X-Rays discovery

Wilhelm Roentgen was professor of physics at university of Wurzburg, Germany when he discovered X-rays in 1985. The discovery was entirely serendipitous; Roentgen was merely studying a beam of electrons in a highly evacuated glass vessel. When the electrons, moving at great speed slammed into glass wall, they produced a very high penetrating radiation - a wholly unexpected occurrence. Roentgen first noticed the radiation when it caused a paper coated with Barium Platino-cyanide to glow. The chemical compound was a standard detector of UV light which causes the chemical to fluorescence i.e. to emit visible light after it has absorbed UV light. But Roentgen's evacuated vessel was tightly covered with black cardboard and so no UV light could emerge from it. The glow must be some other kind of radiation.

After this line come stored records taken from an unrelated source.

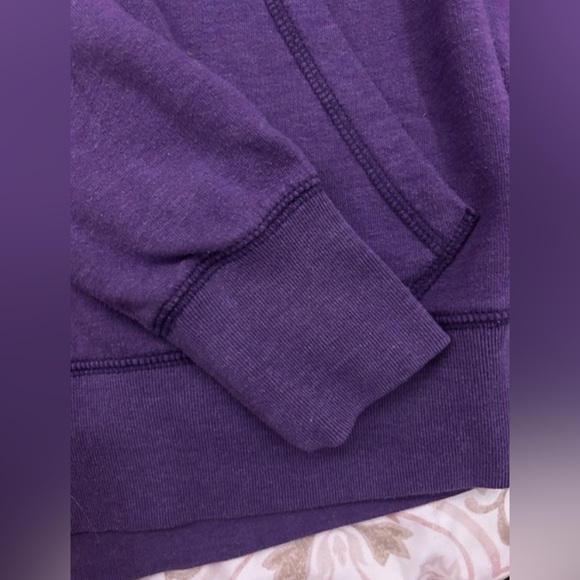 Purple PINK hoodie with heart & rainbow PINK logo - Picture 6 of 10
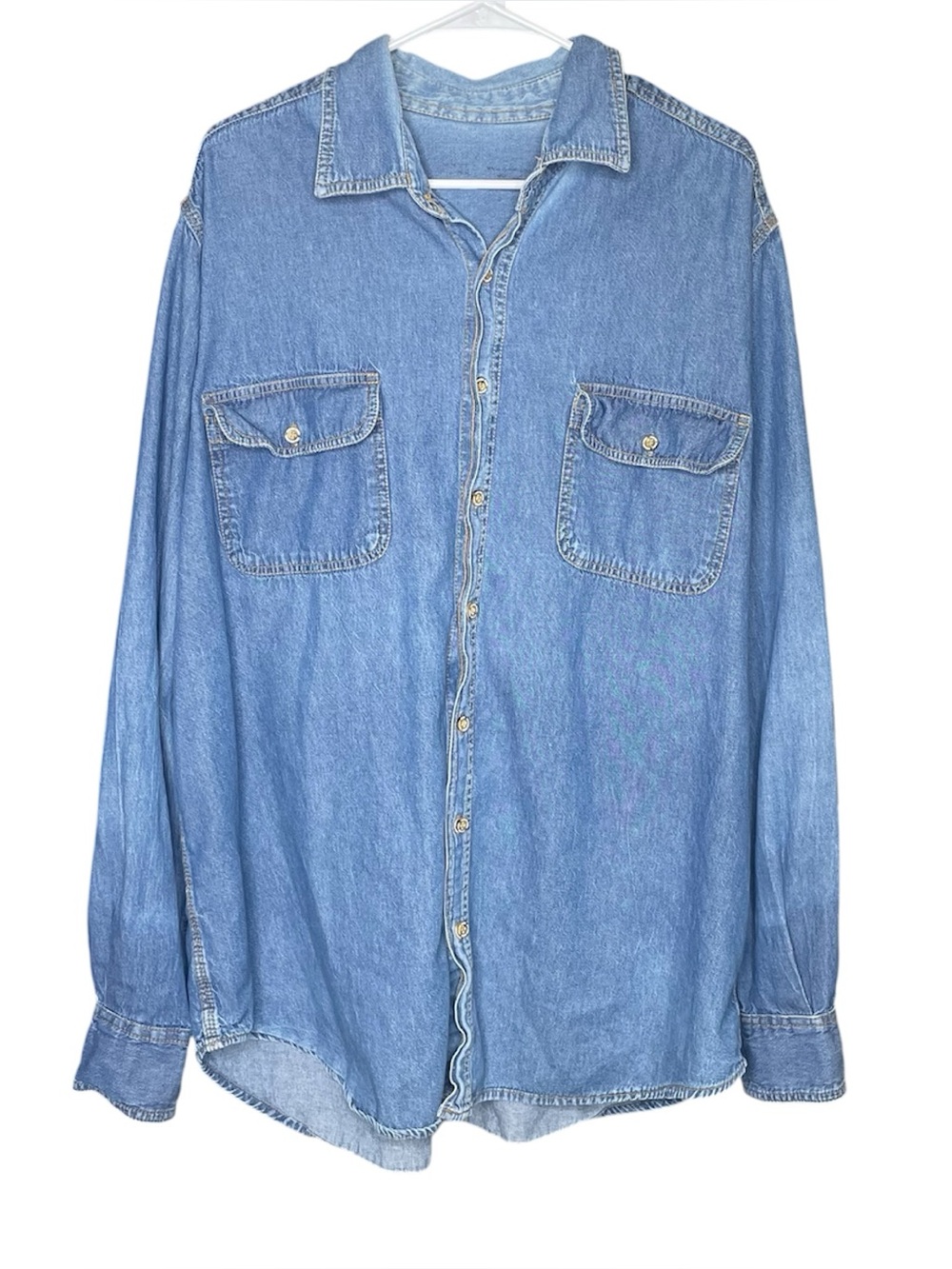 Boulder Creek denim Jean jacket button down shirt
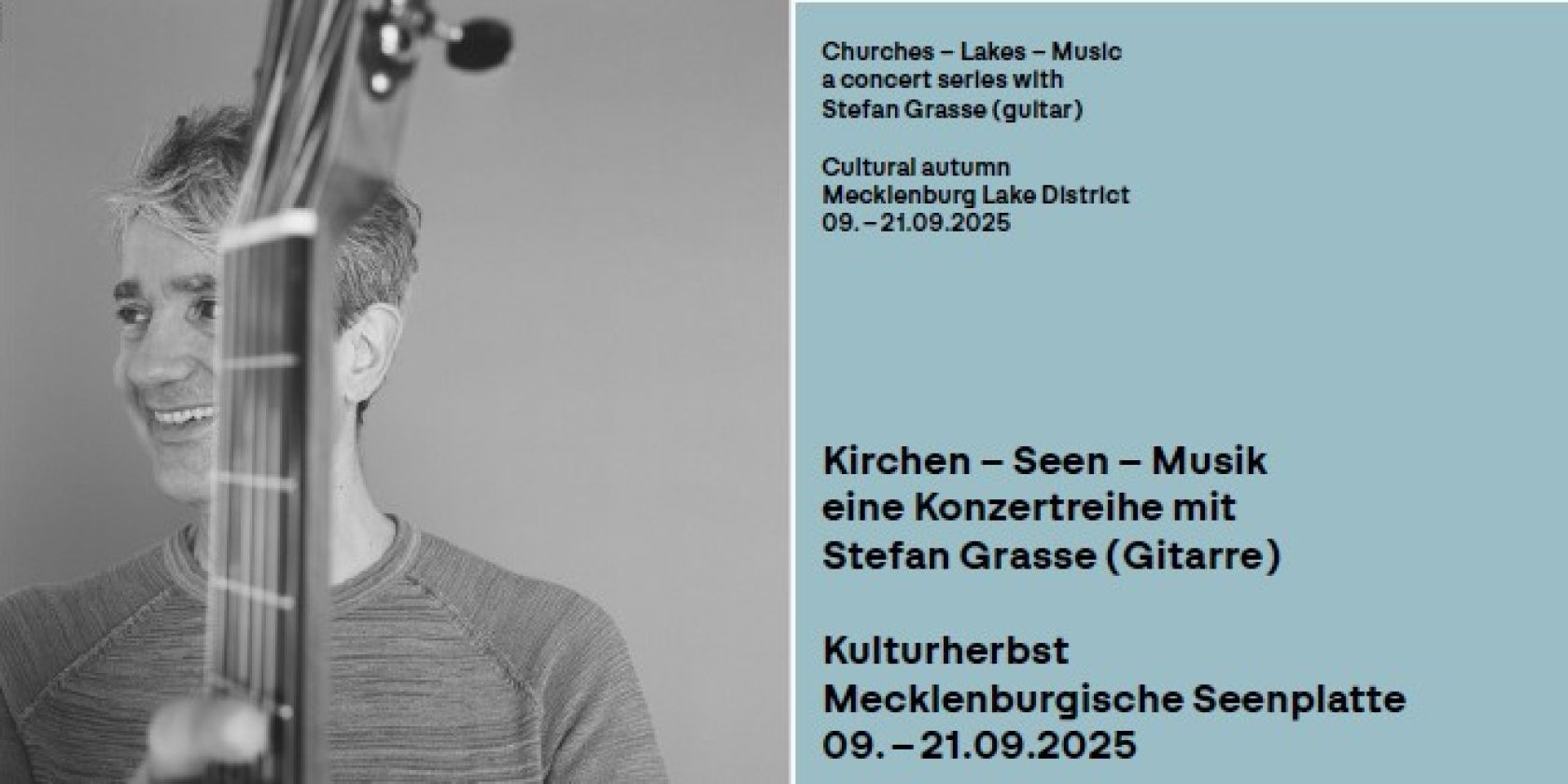 Stefan Grasse, Kirchen - Seen - Musik, © gillitzer.net / P. Gerlach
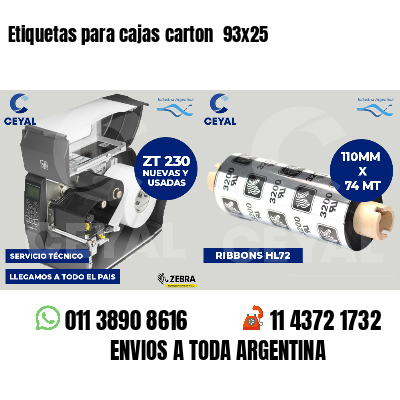 Etiquetas para cajas carton  93x25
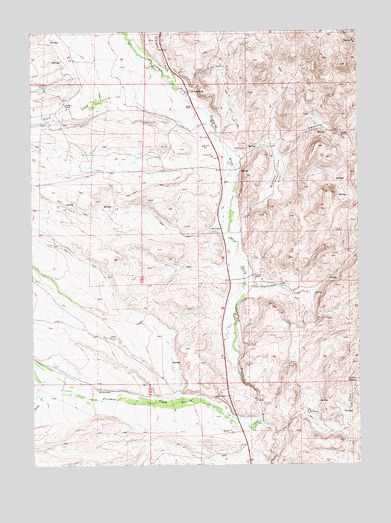 North Fork, NV USGS Topographic Map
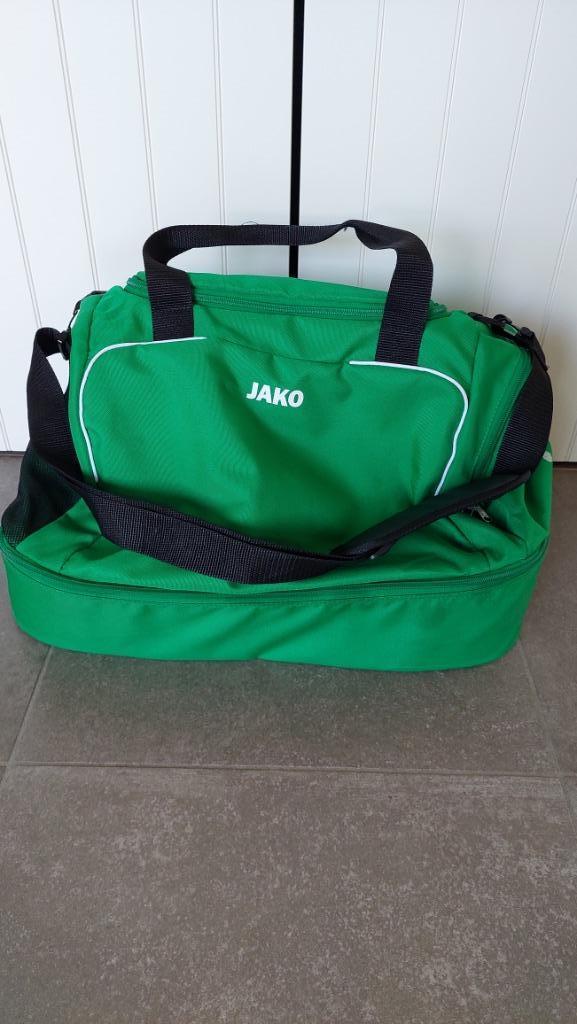 Jako Sport/voetbaltas Classico met Bodemvak Junior Groen, Sport en Fitness, Voetbal, Gebruikt, Overige typen, Maat S, Ophalen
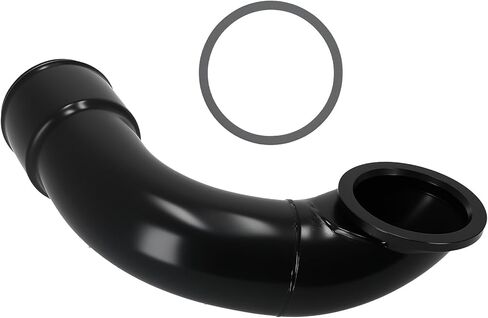 maXpeedingrods 3.5" Black High Flow Turbo Intake Elbow for GMC Sierra Chevy Silverado 2500HD/3500HD 6.6L LML Duramax Diesel 2011-2016 in Saudi Arabia
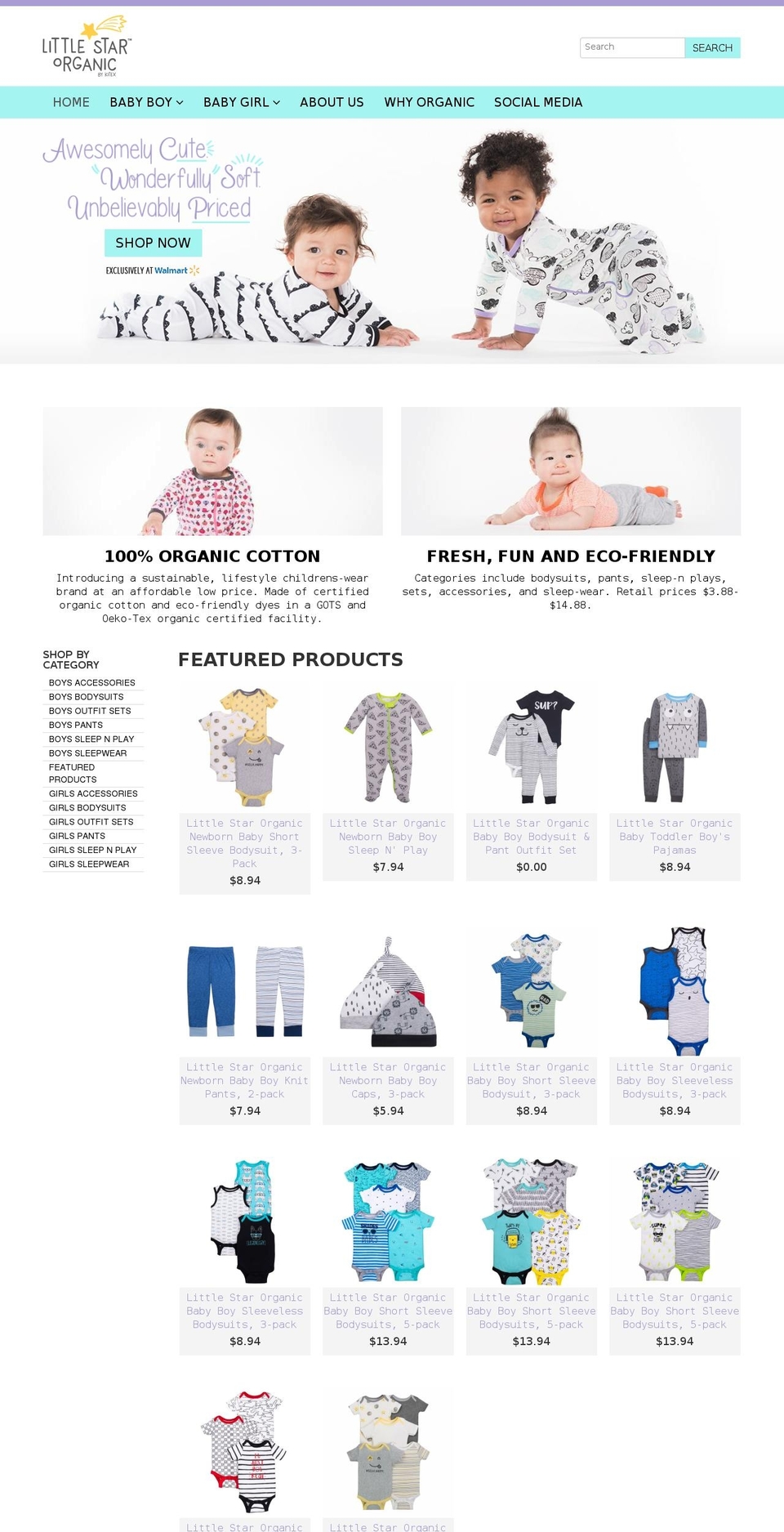 mylittlestar.com — Shopify storefront screenshot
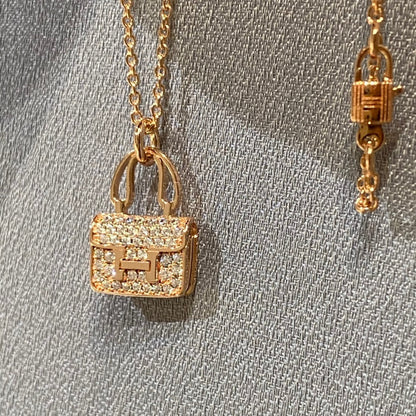 [⭐Shinejoy]CONSTANCE PEDANT DIAMOND NECKLACE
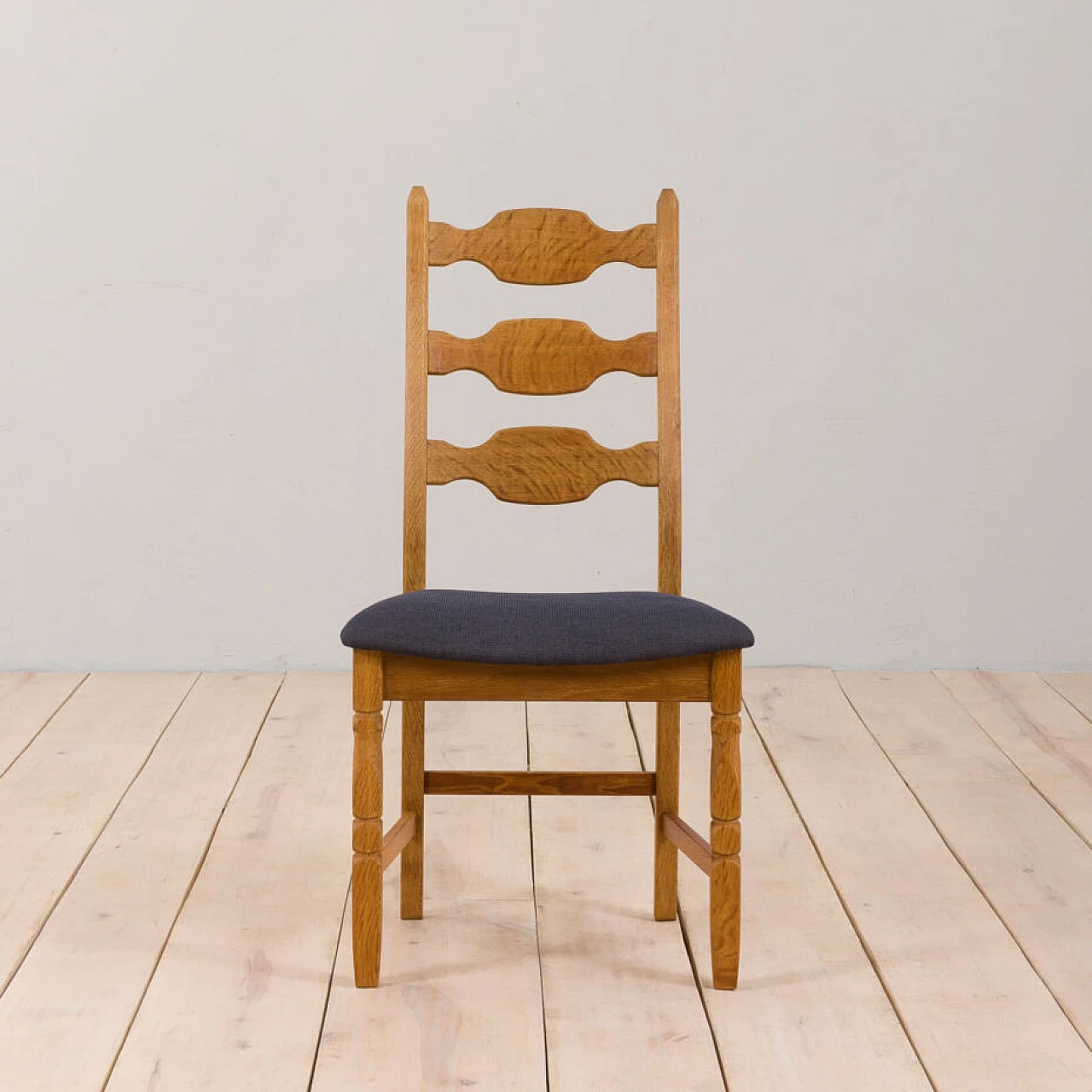 5 Sedie da pranzo in quercia danese di H. Kjærnulf, anni '60 13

When he announced the discovery of the new radiation, Roentgen wrote:

"I posesss, for instance, photographs of ............the shadow of bones of hand, the shadow of a covered wire enclosed in a box.........."

Earlier in the paper, he noted that "the darker shadow of bones is seen with in the slightly dark shadow image of hand itself.

The new radiation quickly became a diagnostic tool in hospitals all over the world. Roentgen could not determine what the rays are made of and thus rays are named as X-rays.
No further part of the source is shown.